Seria apenas uma coincidência ou a mais explícita confirmação de que, no Brasil, a política raramente age sem antes fazer suas próprias contas?

Esse cenário ajuda a compreender por que uma proposta mais justa foi derrotada. A manutenção da desproporcionalidade, neste caso, não é um acidente institucional, mas um projeto político deliberado, conduzido por lideranças diretamente interessadas em preservar sua influência desproporcional sobre o poder legislativo.

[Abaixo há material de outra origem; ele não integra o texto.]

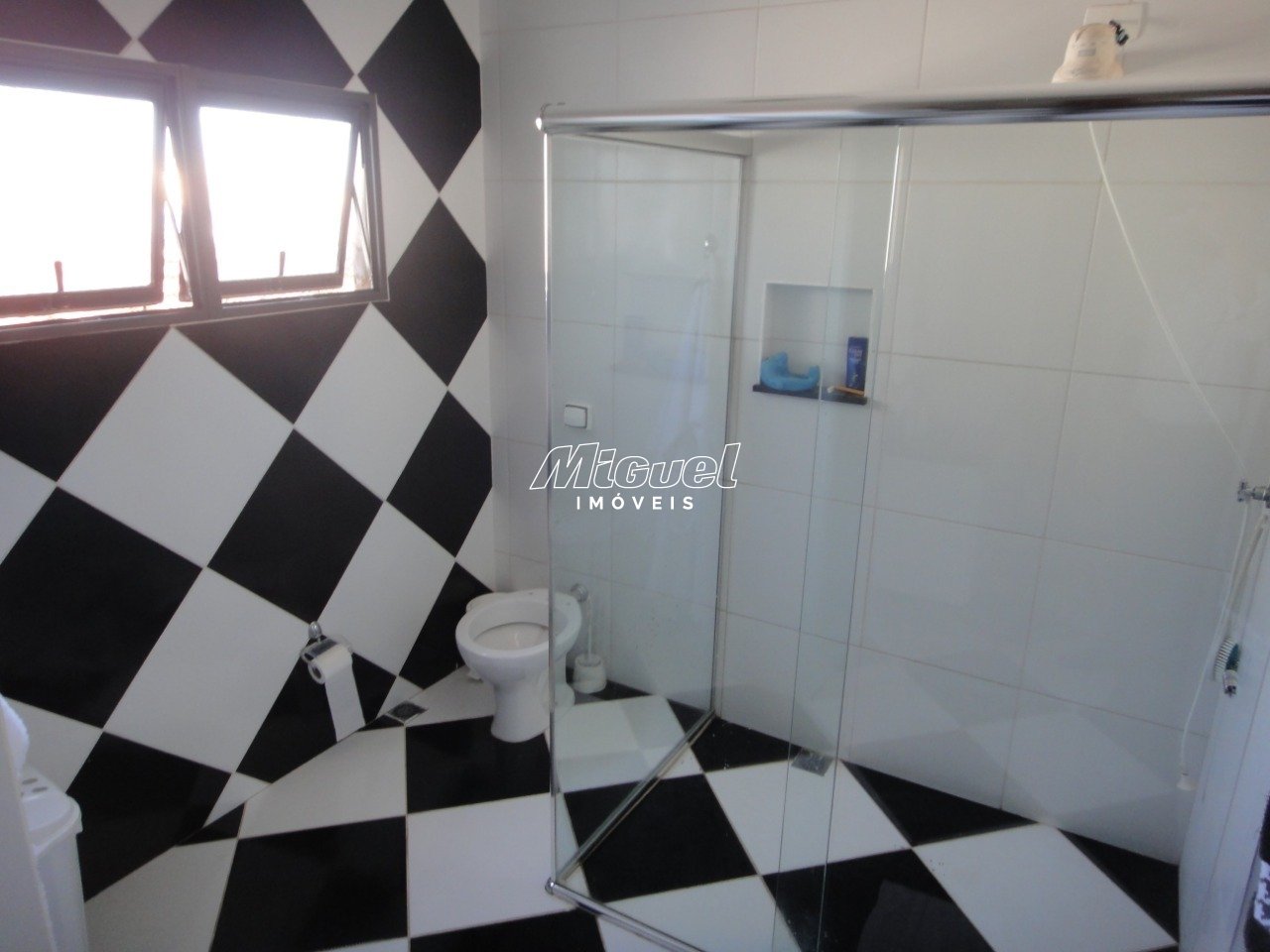 Casa, à venda, Jardim São Jorge - 4 quartos - Piracicaba/SP:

4. Impacto na Qualidade da Representação:

Aumentar o número de deputados não garante, por si só, uma melhoria na qualidade da representação. Pelo contrário, pode levar a um parlamento mais fragmentado e menos eficiente. Além disso, a manutenção de uma representação desproporcional pode levar a uma alocação ineficiente de recursos públicos, já que os estados com maior representação tendem a ter mais poder de barganha na negociação de verbas e investimentos.

5. Desafios à Legitimidade do Sistema Político:

Decisões como a aprovação do PLP 177/2023 podem minar a confiança da população no sistema político. Quando os cidadãos percebem que as regras do jogo são alteradas para beneficiar determinados grupos ou para evitar conflitos políticos, a legitimidade das instituições democráticas fica comprometida. Isso pode levar a um aumento da apatia política, do cinismo e da desconfiança em relação aos representantes eleitos.

Conclusão

A aprovação do PLP 177/2023, em detrimento de uma redistribuição mais justa das cadeiras existentes, é um retrato fiel de como a política brasileira funciona, além de um retrocesso institucional que insiste em proteger privilégios às custas da cidadania. Cada cadeira a mais na Câmara dos Deputados não representa mais vozes ou mais pluralidade. Representa, isso sim, mais recursos públicos consumidos e mais distância entre o cidadão e as decisões que moldam a sua vida.

Enquanto o país enfrenta desigualdades gritantes, a elite política continua desenhando as regras do jogo para preservar sua zona de conforto. E o resultado está diante de nós: votos que valem mais em alguns estados do que em outros, parlamentares que legislam para manter seus próprios interesses e um sistema que se afasta, cada vez mais, do povo que deveria representar.

Agora, o PLP 177/2023 segue para o Senado Federal, e cabe aos senadores uma decisão que será histórica: rejeitar essa proposta que carece de qualquer fundamentação técnica, teórica ou moral. Espera-se que o Senado não se curve diante de um projeto que afronta a ideia mais elementar de democracia — a igualdade do voto.

Por isso, a sociedade precisa compreender que as decisões do Legislativo não são apenas números ou estatísticas distantes. Elas afetam diretamente o acesso a políticas públicas, a distribuição de recursos e a qualidade da nossa democracia. Ignorar o que se decide no Congresso é permitir que poucos continuem decidindo por muitos.

O futuro da nossa representação política está sendo desenhado — e quem não acompanha o traçado, acaba sendo apagado da história.